Merge sort is so modified that for array sizes below 11, instead of recursive Merge sort, the array is sorted using Bubble sort. Will there be any good and bad cases now? Give an example of each case if you think so; if not, argue why.
My thought process:
I understand that the worst-case complexity of bubble sort remains the same as its average-case complexity, but since it is not specified as to how to categorize the "worst case" (only according to its worst-case complexity or even considering least comparisons), I also considered having the least number of comparisons.
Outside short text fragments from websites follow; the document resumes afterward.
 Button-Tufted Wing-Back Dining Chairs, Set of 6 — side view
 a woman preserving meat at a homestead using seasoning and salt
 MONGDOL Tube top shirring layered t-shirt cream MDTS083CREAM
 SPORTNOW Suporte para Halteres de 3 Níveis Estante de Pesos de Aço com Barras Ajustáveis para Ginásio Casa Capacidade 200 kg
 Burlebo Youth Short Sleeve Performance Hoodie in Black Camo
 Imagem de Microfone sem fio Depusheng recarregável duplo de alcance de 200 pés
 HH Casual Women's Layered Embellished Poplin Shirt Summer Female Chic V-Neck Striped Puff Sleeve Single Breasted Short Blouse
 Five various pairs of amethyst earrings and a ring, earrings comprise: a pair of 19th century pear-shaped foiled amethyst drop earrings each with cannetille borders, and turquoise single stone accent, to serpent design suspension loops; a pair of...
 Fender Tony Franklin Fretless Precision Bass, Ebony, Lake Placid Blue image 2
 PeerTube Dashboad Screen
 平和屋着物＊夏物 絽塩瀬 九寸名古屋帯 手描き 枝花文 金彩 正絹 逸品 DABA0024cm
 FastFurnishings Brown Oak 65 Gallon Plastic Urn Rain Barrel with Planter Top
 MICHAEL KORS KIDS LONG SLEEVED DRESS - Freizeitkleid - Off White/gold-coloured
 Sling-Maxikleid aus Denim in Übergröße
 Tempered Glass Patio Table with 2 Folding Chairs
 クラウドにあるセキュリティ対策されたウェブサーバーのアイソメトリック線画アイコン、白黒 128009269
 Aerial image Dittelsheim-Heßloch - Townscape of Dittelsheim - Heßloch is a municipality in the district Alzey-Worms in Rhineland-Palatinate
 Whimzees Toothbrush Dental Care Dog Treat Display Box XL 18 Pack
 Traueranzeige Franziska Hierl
For Merge sort, I understand that the worst case will arise when the elements in the merged array are selected alternatively from the two sub-arrays.
So, for an array size of, say 24, I produced the following array -
24, 20, 16, 12, 8, 4, 23, 19, 15, 11, 7, 3, 22, 18, 14, 10, 6, 2, 21, 17, 13, 9, 5, 1
In the first iteration of Merge sort, there will be two sub-arrays of length 12 each. Since this is more than 11, Merge sort is recursively called again.
At some point, we will have four sub-arrays of length 6. At this point Bubble sort will be applied to each of them and they will be recursively joined by Merge sort. The four sub-arrays will be -
[24, 20, 16, 12, 8, 4], [23, 19, 15, 11, 7, 3], [22, 18, 14, 10, 6, 2], [21, 17, 13, 9, 5, 1]
Now each of these present a worst-case for Bubble sort, since all have their elements in descending order. Now lets say the first two arrays are sorted using Bubble sort and merged, they will present a worst case for Merge sort as during the merge operation each element will be alternatively chosen from the two sub-arrays. Similarly, the last two sub-arrays are sorted using Bubble sort and merged.
Is this array a correct example of the worst case of the above problem? Or am I wrong in deriving this conclusion?